> **INFORMATION**
- - - -
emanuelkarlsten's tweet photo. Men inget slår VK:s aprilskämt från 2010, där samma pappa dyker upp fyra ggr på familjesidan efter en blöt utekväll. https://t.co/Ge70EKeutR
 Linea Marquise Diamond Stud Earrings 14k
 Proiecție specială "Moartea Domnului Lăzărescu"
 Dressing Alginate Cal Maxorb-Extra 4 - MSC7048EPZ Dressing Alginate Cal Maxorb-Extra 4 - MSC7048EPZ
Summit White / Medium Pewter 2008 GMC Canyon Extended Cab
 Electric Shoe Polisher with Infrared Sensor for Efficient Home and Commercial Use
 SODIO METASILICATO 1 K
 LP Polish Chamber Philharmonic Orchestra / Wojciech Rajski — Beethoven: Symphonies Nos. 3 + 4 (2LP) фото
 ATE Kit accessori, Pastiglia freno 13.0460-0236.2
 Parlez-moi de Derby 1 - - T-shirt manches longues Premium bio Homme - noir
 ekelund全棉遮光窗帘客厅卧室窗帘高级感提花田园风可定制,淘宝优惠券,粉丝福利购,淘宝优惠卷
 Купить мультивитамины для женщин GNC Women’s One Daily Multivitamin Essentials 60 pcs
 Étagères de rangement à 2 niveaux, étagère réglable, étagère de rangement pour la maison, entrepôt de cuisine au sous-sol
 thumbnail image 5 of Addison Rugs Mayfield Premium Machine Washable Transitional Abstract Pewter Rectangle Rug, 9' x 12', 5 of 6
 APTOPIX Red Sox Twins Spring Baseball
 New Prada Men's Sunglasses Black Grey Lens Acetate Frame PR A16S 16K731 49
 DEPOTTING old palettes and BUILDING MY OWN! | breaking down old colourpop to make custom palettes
- - - -
> **TASK DIRECTIONS**
The reply should hold only the lines from the beginning of the listing above through the line with "Étagères de rangement", each one written exactly as it appears.

> **TASK OUTPUT**
emanuelkarlsten's tweet photo. Men inget slår VK:s aprilskämt från 2010, där samma pappa dyker upp fyra ggr på familjesidan efter en blöt utekväll. https://t.co/Ge70EKeutR
 Linea Marquise Diamond Stud Earrings 14k
 Proiecție specială "Moartea Domnului Lăzărescu"
 Dressing Alginate Cal Maxorb-Extra 4 - MSC7048EPZ Dressing Alginate Cal Maxorb-Extra 4 - MSC7048EPZ
Summit White / Medium Pewter 2008 GMC Canyon Extended Cab
 Electric Shoe Polisher with Infrared Sensor for Efficient Home and Commercial Use
 SODIO METASILICATO 1 K
 LP Polish Chamber Philharmonic Orchestra / Wojciech Rajski — Beethoven: Symphonies Nos. 3 + 4 (2LP) фото
 ATE Kit accessori, Pastiglia freno 13.0460-0236.2
 Parlez-moi de Derby 1 - - T-shirt manches longues Premium bio Homme - noir
 ekelund全棉遮光窗帘客厅卧室窗帘高级感提花田园风可定制,淘宝优惠券,粉丝福利购,淘宝优惠卷
 Купить мультивитамины для женщин GNC Women’s One Daily Multivitamin Essentials 60 pcs
 Étagères de rangement à 2 niveaux, étagère réglable, étagère de rangement pour la maison, entrepôt de cuisine au sous-sol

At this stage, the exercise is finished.